GEICO challenged the claim, arguing that New York law requires rental companies to provide uninsured motorist coverage for their vehicles. The insurer filed a court proceeding to halt arbitration, asserting that the rental company’s insurer – not the renter’s personal insurer – should be responsible for such claims.
The court’s analysis focused on New York’s statutory requirements, which mandate that rental companies insure their vehicles, including coverage for uninsured motorists. The judges also considered the Graves Amendment, a federal law that limits rental companies’ vicarious liability but allows states to enforce their own insurance standards.
Ultimately, the Appellate Division sided with GEICO. The court found that Herc Rentals, as a rental company, was obligated by state law to provide uninsured motorist coverage through its insurer, National Union. Since Sarmiento was injured as a passenger in a rental vehicle, the court determined that he must seek coverage from the rental company’s policy, not his personal auto policy.

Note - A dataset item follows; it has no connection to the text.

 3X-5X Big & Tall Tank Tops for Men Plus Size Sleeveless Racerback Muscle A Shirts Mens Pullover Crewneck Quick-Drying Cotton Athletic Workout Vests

National Union’s argument that the Graves Amendment shielded it from liability was rejected. The court clarified that the federal law does not override New York’s insurance requirements in this context, especially since Sarmiento’s claim was not about holding Herc Rentals vicariously liable, but about recovering for injuries caused by an uninsured driver.
The result: the court reversed the lower court’s decision and granted GEICO’s request to permanently stay arbitration. National Union, not GEICO, is responsible for providing uninsured motorist benefits in this case.
For insurance professionals, this ruling underscores the importance of understanding state requirements and policy language when it comes to rental vehicle coverage. The decision is a clear reminder that, in New York, the rental company’s insurer is the primary source of coverage for uninsured motorist claims – critical knowledge for anyone underwriting, brokering, or managing commercial auto policies.
While the decision remains subject to revision before official publication, it sets a significant precedent for how similar claims will be handled in the future. Insurance providers and professionals should take note, as the ruling could influence claims handling, risk assessment, and policy design in the rental vehicle sector.